§ **Task to complete**: Instruction for the entries below: return the part that opens with the line containing "Falcon Enamel White / Blue Mug - 9cm" and closes with the line containing "Obey God Denim Jas Jacket", exactly, and no pictures.

§ **Supplied records**:
=====
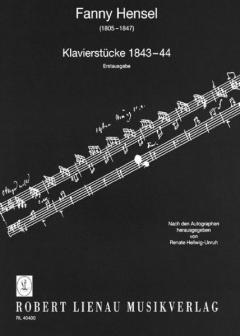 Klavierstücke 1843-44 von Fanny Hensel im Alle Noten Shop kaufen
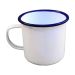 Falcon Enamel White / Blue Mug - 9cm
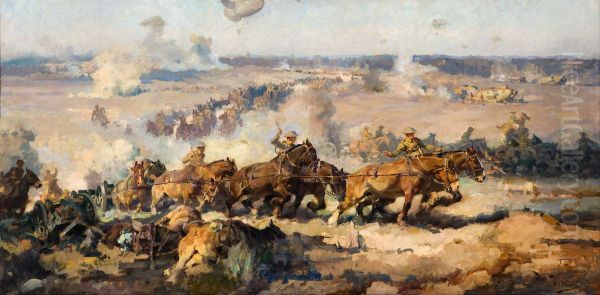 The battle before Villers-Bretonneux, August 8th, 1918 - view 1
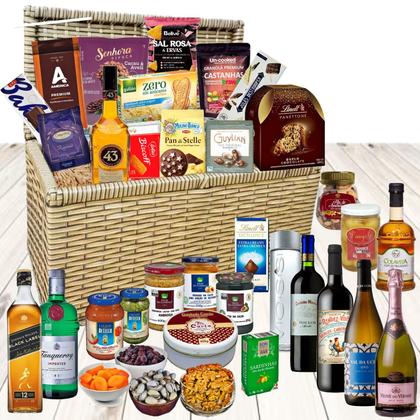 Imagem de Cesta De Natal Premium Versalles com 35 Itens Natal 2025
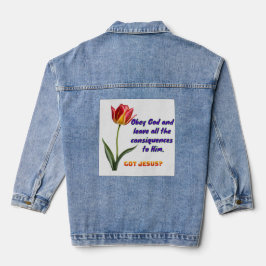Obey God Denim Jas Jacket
=====
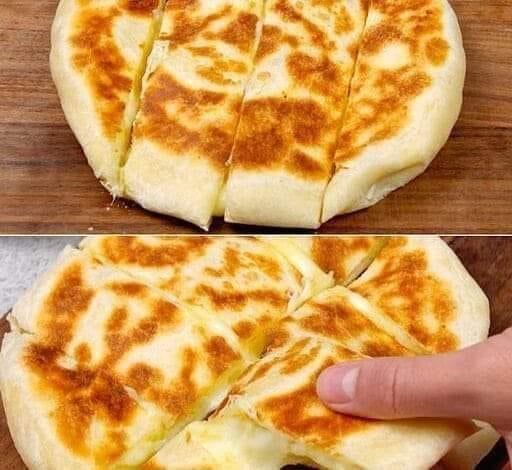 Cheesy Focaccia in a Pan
=====
§ **Output below**:
 Falcon Enamel White / Blue Mug - 9cm
 The battle before Villers-Bretonneux, August 8th, 1918 - view 1
 Imagem de Cesta De Natal Premium Versalles com 35 Itens Natal 2025
Obey God Denim Jas Jacket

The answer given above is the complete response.